En la guerra contra el enemigo invisible, es muy difícil, por no decir imposible, definir los términos de la victoria. La estructura descentralizada del Estado Islámico (EI) y la naturaleza de los atentados –en los que se utiliza armamento poco convencional– hacen que el grupo terrorista y sus seguidores sigan siendo letales, incluso si en el campo de batalla del Medio Oriente llegaran a perder terreno frente a las fuerzas occidentales. Pero si definir qué significa derrotar realmente a ISIS es difícil, es mucho más fácil determinar los términos de la derrota: vivir con miedo y ver un recorte de libertades civiles en nombre de la lucha contra el terror son signos claros de que los extremistas avanzan.
En el escenario bélico, las victorias siguen siendo pírricas. Si bien hay progresos lentos en la liberación de ciudades como Mosul en Iraq y Raqqa en Siria, se abren nuevos frentes en países del norte de África como Libia y Egipto. Con respecto a Libia en particular, la administración Trump ha declarado que no tiene nada que hacer ahí, lo que genera la posibilidad real de que el país africano termine de convertirse en un Estado fallido. El vacío de poder es sin duda el escenario ideal para que el EI florezca. Si Libia se hunde en el desgobierno, el siguiente dominó en caer podría ser Túnez, la cuna de la primavera árabe de hace siete años.
Desde una perspectiva puramente occidental, la guerra se está perdiendo fundamentalmente en el terreno virtual de Internet. Una buena parte de los terroristas –entre otros, el verdugo de Manchester– son captados en países occidentales a través de las redes sociales, donde el EI tiene una presencia importante. Como señalan Andrew Byers y Tara Mooney en las páginas de Foreign Affairs, el Estado Islámico utiliza una narrativa compleja en la que, a la vez, se muestra como un ejército poderoso, pero también como un sistema sofisticado de justicia en el que las víctimas no son víctimas sino merecedoras de un castigo acorde con la justicia islámica, tras pasar por un proceso judicial. Hasta ahora han sido más los desaciertos que los avances en esa ciberguerra.
Ante este panorama sombrío, empieza a instalarse la idea de que convivir con el miedo será una realidad con la que habrá que lidiar en el futuro próximo. Son muchos ya los países en los que el EI y sus redes han hecho sentir su presencia. Si bien morir en un accidente de tránsito o incluso ahogado en una tina –como en algún momento recordó Barack Obama– sigue siendo mucho más probable que fallecer en un ataque terrorista, las consecuencias políticas y psicológicas para el conjunto de la sociedad son obviamente distintas. En el terreno político, el riesgo es que con la excusa de defender la cultura de la democracia se recorten las libertades que le dan, justamente, contenido a esa cultura. En el campo psicológico, el riesgo es que el miedo se apodere de los ciudadanos al punto de renunciar a una vida en los espacios públicos. Sin una idea de comunidad las sociedades se empobrecen.

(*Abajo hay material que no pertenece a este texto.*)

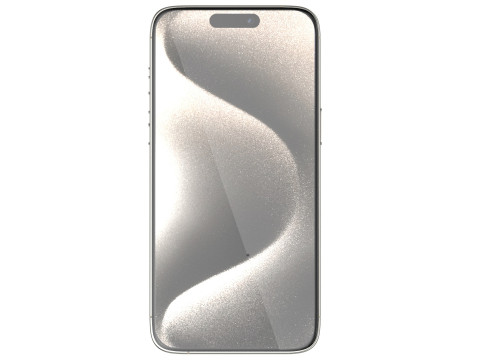 Apple iPhone 15 pro max natural titanium Modello 3D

Por el momento no parece haber evidencias de que los riesgos que plantea el nuevo contexto se materialicen del todo. Frente a situaciones extremas, los seres humanos tienen una inmensa capacidad de adaptación. Según una investigación del académico israelí Dov Waxman citada por “The Economist”, los individuos pueden aprender a convivir con el terrorismo y mantener algo parecido a una vida normal. A medida que los ataques se hacen más comunes, su capacidad de dejar en shock a los ciudadanos se reduce y la prensa pierde interés. A su vez, los políticos dejan de hacer política partidaria en torno a este tema. Frente a los enormes desafíos que plantea una guerra en la que parece lucharse a ciegas, es esta capacidad de adaptación del ser humano una de las pocas fuentes de sosiego.